HunyuanImage21 #12333

yiyixuxu · 2025-09-16T02:27:22Z

HuyuanImage2-1

from diffusers import HunyuanImagePipeline
import torch

device = "cuda:0"
dtype = torch.bfloat16
repo = "YiYiXu/HunyuanImage-2.1-Diffusers"

pipe = HunyuanImagePipeline.from_pretrained(repo, torch_dtype=dtype)
pipe = pipe.to(device)

prompt = "A cute, cartoon-style anthropomorphic penguin plush toy with fluffy fur, standing in a painting studio, wearing a red knitted scarf and a red beret with the word “Tencent” on it, holding a paintbrush with a focused expression as it paints an oil painting of the Mona Lisa, rendered in a photorealistic photographic style."

generator = torch.Generator(device=device).manual_seed(649151)
out = pipe(
    prompt, 
    num_inference_steps=50, 
    true_cfg_scale =3.5,
    negative_prompt = "",
    height=2048, 
    width=2048, 
    generator=generator,
).images[0]

out.save("test_hyimage_output.png")

HuyuanImage2.1-Distilled

from diffusers import HunyuanImagePipeline
import torch

device = "cuda:0"
dtype = torch.bfloat16

repo = "YiYiXu/HunyuanImage-2.1-Distilled-Diffusers"

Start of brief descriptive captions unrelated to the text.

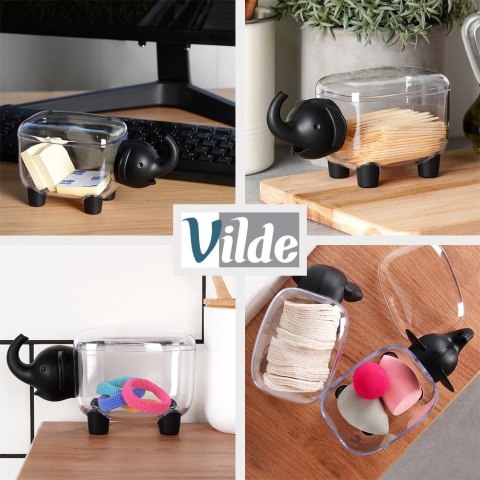 Pojemnik na Patyczki Słonik Dekoracyjny 15,5 x 7 x 8 cm VILDE Przezroczysty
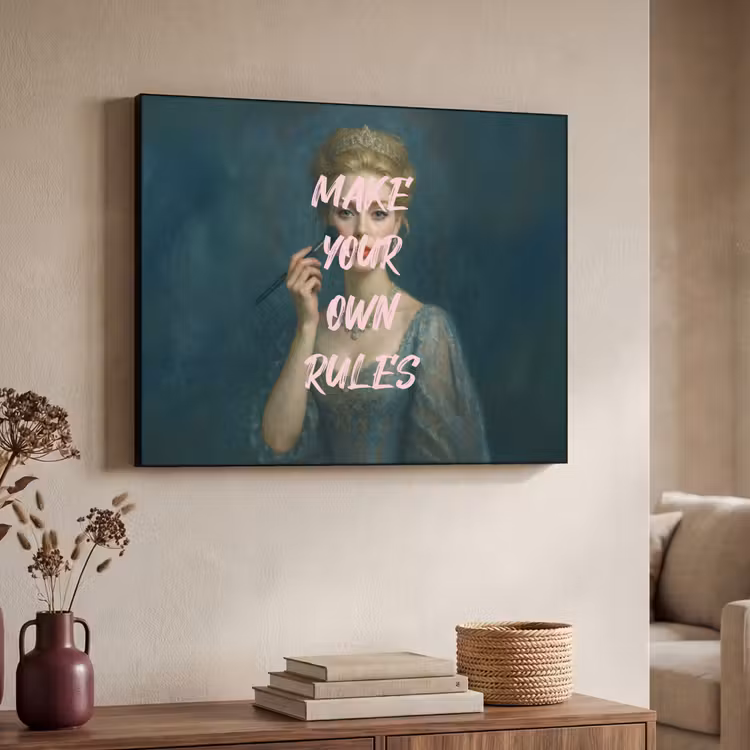 Klassiek - Sierlijk - Roze Textielframe - compleet frame klein -sfeer3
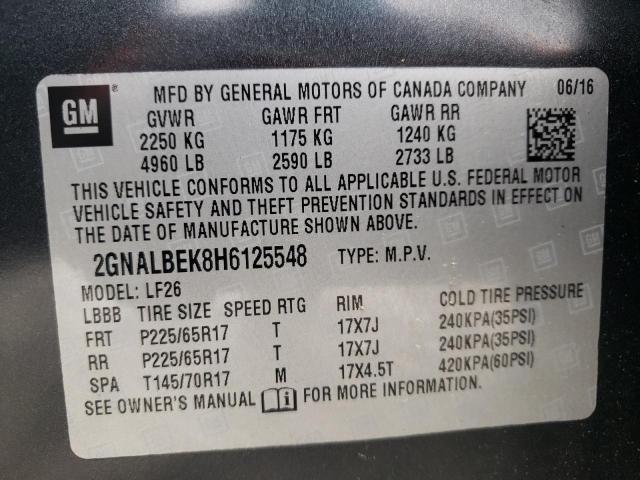 Photo 10 from auction – 2017 CHEVROLET EQUINOX LS with VIN 2GNALBEK8H6125548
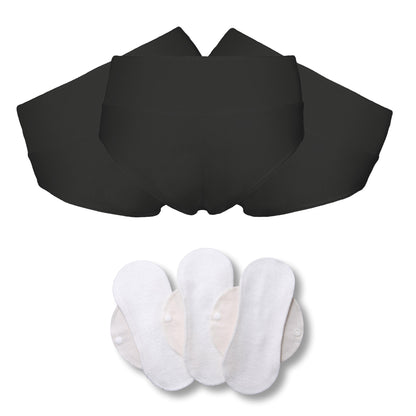 Bamboo Brazilian Underwear;, Panties for Women; MADE IN EU; BONUS 3-Pack Bamboo Reusable Sanitary Pantyliners with Wings FREE
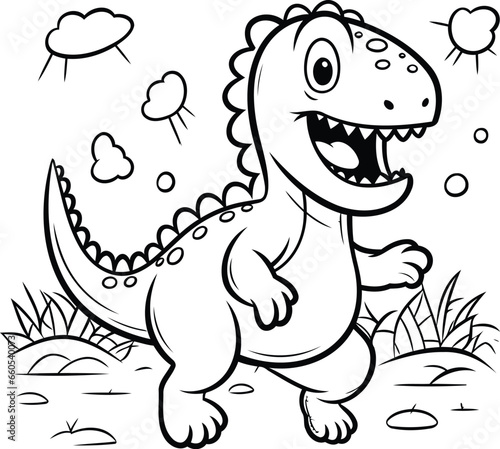 Cute Dinosaur Cartoon Character Vector Illustration for Children Coloring Book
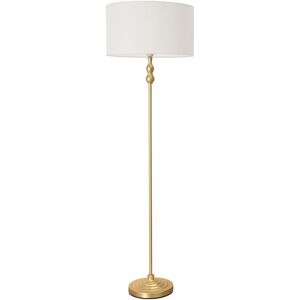 Rosdorf Park Saylorsburg Candlestick Floor Lamp with Velvet Lamp Shade Gold Metal/White Fabric 151cm H X 45cm W X 45cm D Rosdorf Park Saylorsburg Candlestick Floor Lamp with Velvet Lamp Shade Gold Metal/White Fabric 151cm H X 45cm W X 45cm D
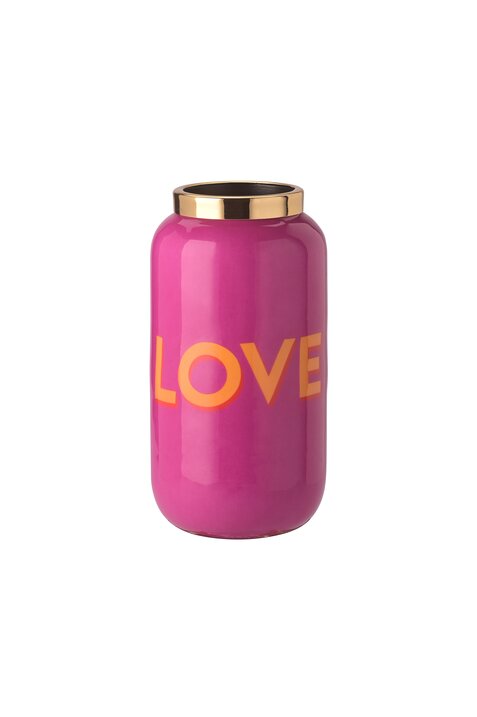 Saigon, Vase mit Metallring, XXS(H12cm), Motiv: Love, fuchsia/gold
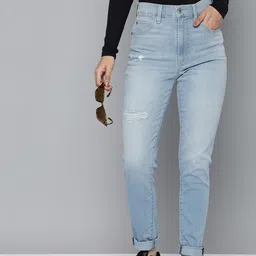 Levis Women Retro Skinny Fit High-Rise Mildly Distressed Light Fade Stretchable Jeans-image-94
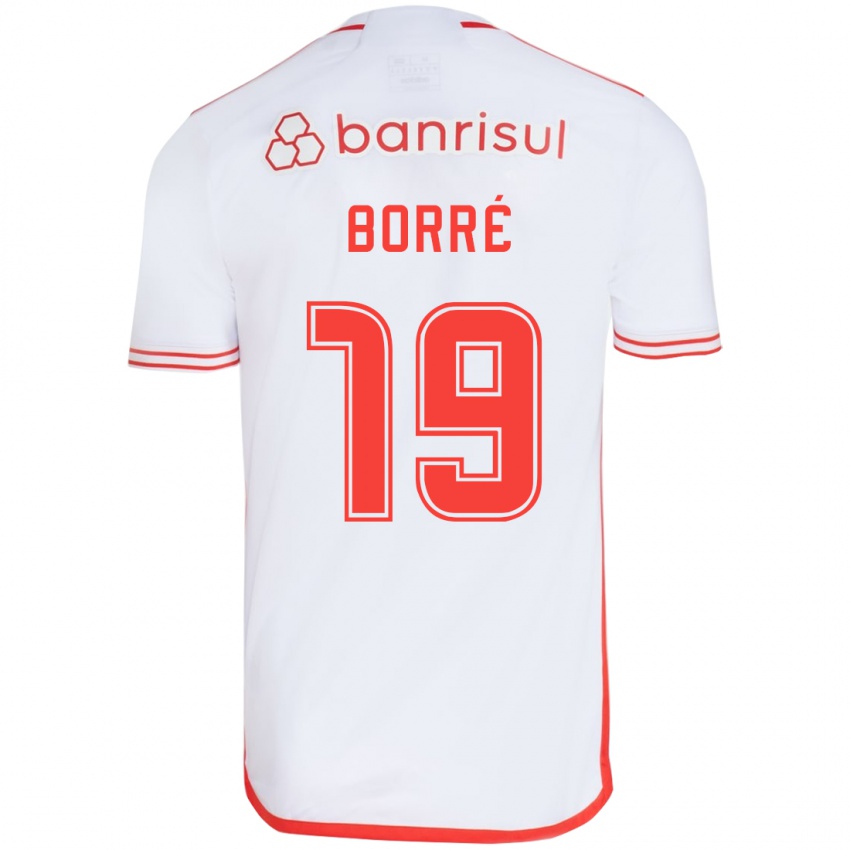 Hombre Camiseta Rafael Borre #19 Blanco Rojo 2ª Equipación 2024/25 La Camisa Argentina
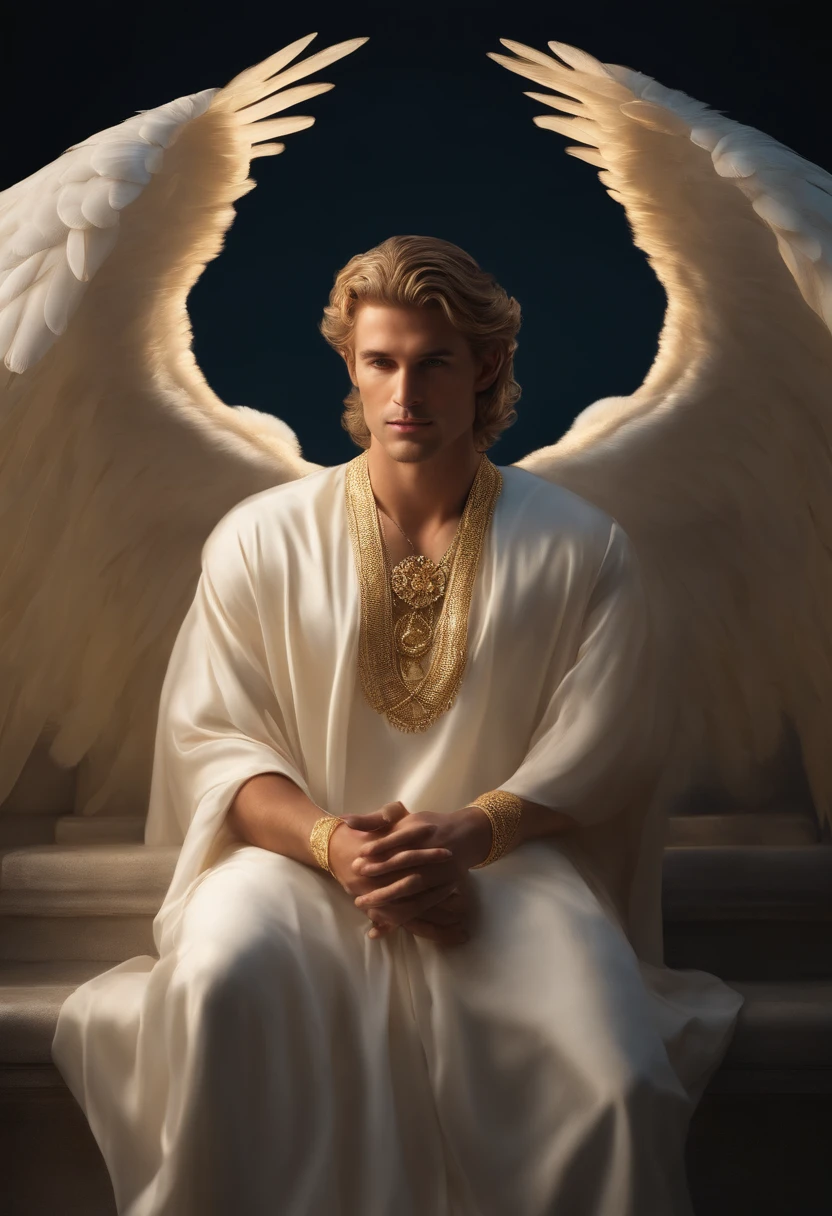photorealistic, (hyperrealistic:1.2), handsome white man, masterpiece, best quality, extremely detailed face, perfect lighting, nice hands, perfect hands, A divine and radiant man in celestial splendor, (heavenly presence:1.2), (serene expression), (majestic wings), (ethereal glow:1.1), (peaceful and comforting), (transcendent beauty), (divine grace), (symbol of purity), (golden halo), (uplifting atmosphere), (celestial realm), (spiritual enlightenment), (gentle and protective), (illuminating light:1.2), (seraphic figure), (harmony and serenity), (angelic robes), (timeless and celestial), (captivating aura), (healing and guidance) white man, low taper fade man bun, blonde hair, facial stubble, smile,looking at camera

pipe = HunyuanImagePipeline.from_pretrained(repo, torch_dtype=dtype)
pipe = pipe.to(device)

prompt = "A cute, cartoon-style anthropomorphic penguin plush toy with fluffy fur, standing in a painting studio, wearing a red knitted scarf and a red beret with the word “Tencent” on it, holding a paintbrush with a focused expression as it paints an oil painting of the Mona Lisa, rendered in a photorealistic photographic style."
generator = torch.Generator(device=device).manual_seed(649151)
out = pipe(
    prompt, 
    num_inference_steps=8, 
    guidance_scale =3.5,
    height=2048, 
    width=2048,
    generator=generator,
).images[0]

out.save("yiyi_test_hyimage-distilled_output.png")

HunyuanImage-2.1-Refiner

from diffusers import HunyuanImageRefinerPipeline
import torch
from diffusers.utils import load_image

device = "cuda:1"
dtype = torch.bfloat16


repo = "YiYiXu/HunyuanImage-2.1-Refiner-Diffusers"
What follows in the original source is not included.